* What this task involves *
Any picture in the data below should be skipped, while every line is repeated exactly.

* Information supplied *
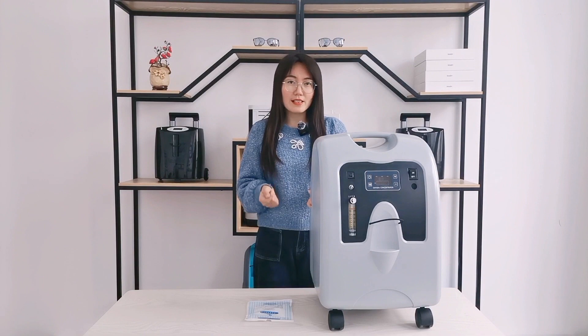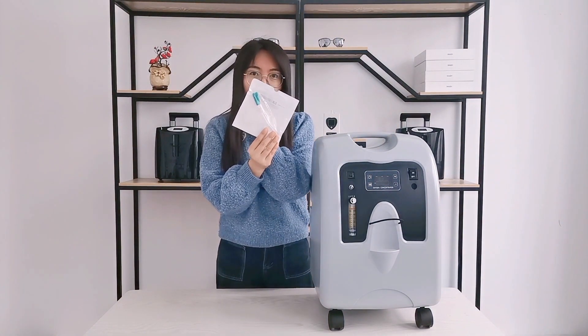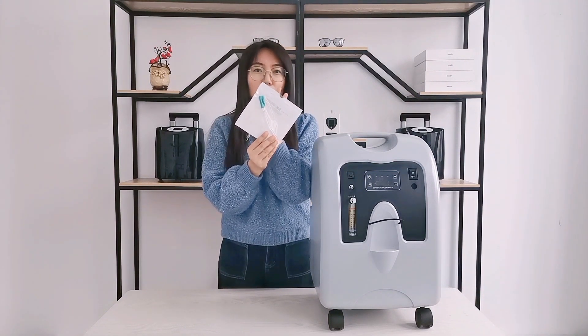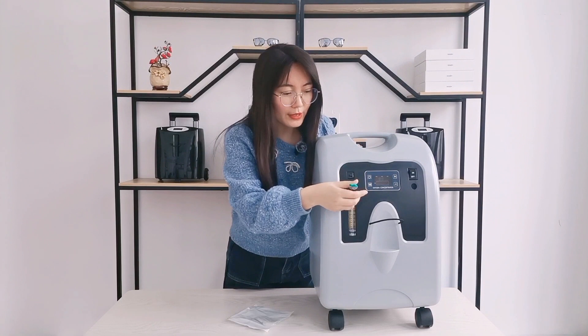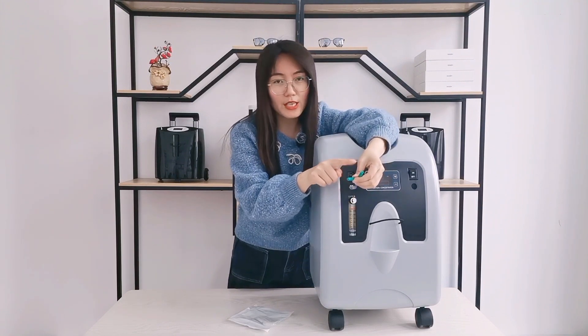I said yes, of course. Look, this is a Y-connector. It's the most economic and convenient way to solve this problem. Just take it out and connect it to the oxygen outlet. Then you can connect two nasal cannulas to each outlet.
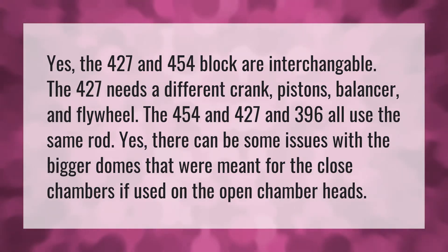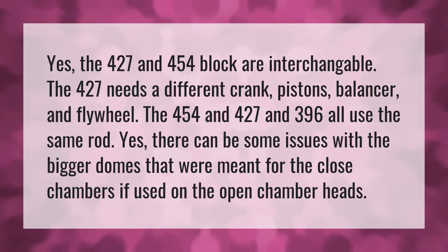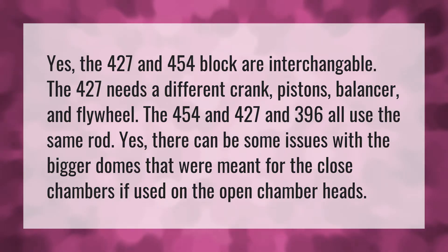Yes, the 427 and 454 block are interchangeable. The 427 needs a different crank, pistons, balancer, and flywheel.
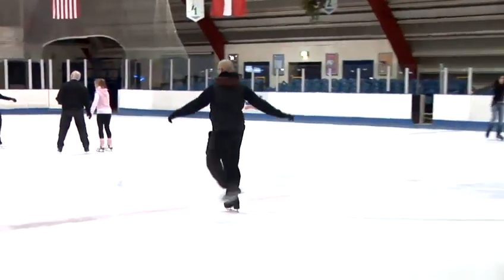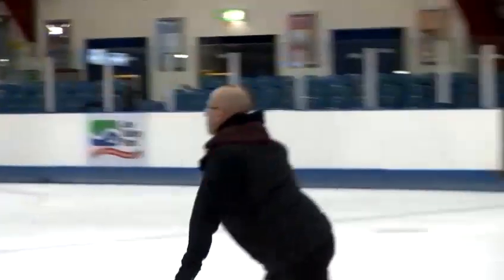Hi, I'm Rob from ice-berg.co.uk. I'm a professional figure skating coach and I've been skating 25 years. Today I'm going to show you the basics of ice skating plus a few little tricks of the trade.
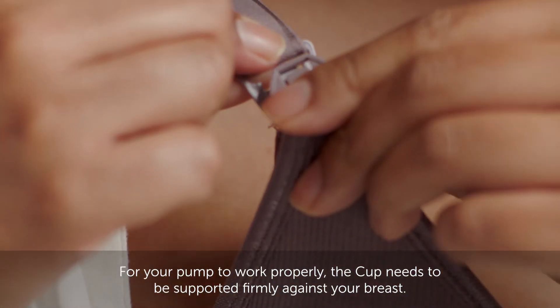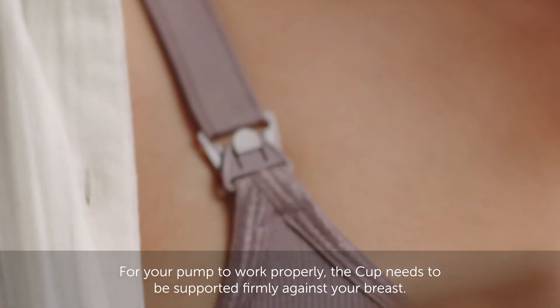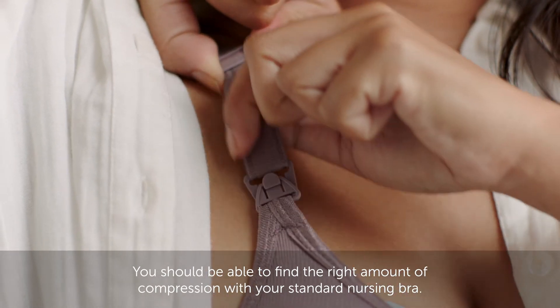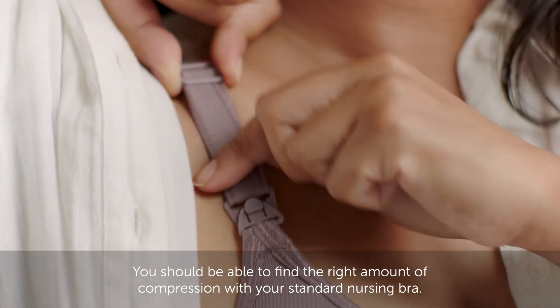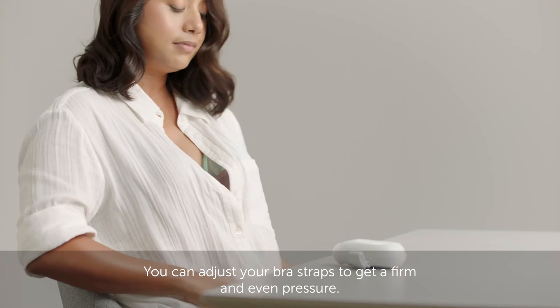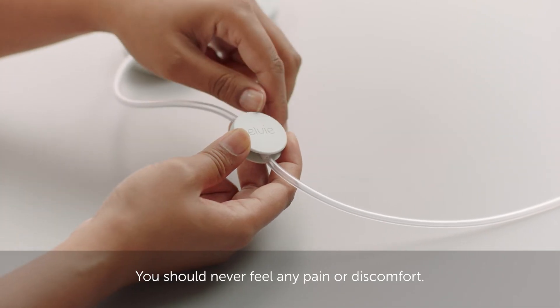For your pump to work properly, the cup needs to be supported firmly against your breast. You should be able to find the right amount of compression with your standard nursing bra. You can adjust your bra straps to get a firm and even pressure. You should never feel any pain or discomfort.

* Task response *
I said yes, of course. Look, this is a Y-connector. It's the most economic and convenient way to solve this problem. Just take it out and connect it to the oxygen outlet. Then you can connect two nasal cannulas to each outlet.
Yes, the 427 and 454 block are interchangeable. The 427 needs a different crank, pistons, balancer, and flywheel.
Hi, I'm Rob from ice-berg.co.uk. I'm a professional figure skating coach and I've been skating 25 years. Today I'm going to show you the basics of ice skating plus a few little tricks of the trade.
For your pump to work properly, the cup needs to be supported firmly against your breast. You should be able to find the right amount of compression with your standard nursing bra. You can adjust your bra straps to get a firm and even pressure. You should never feel any pain or discomfort.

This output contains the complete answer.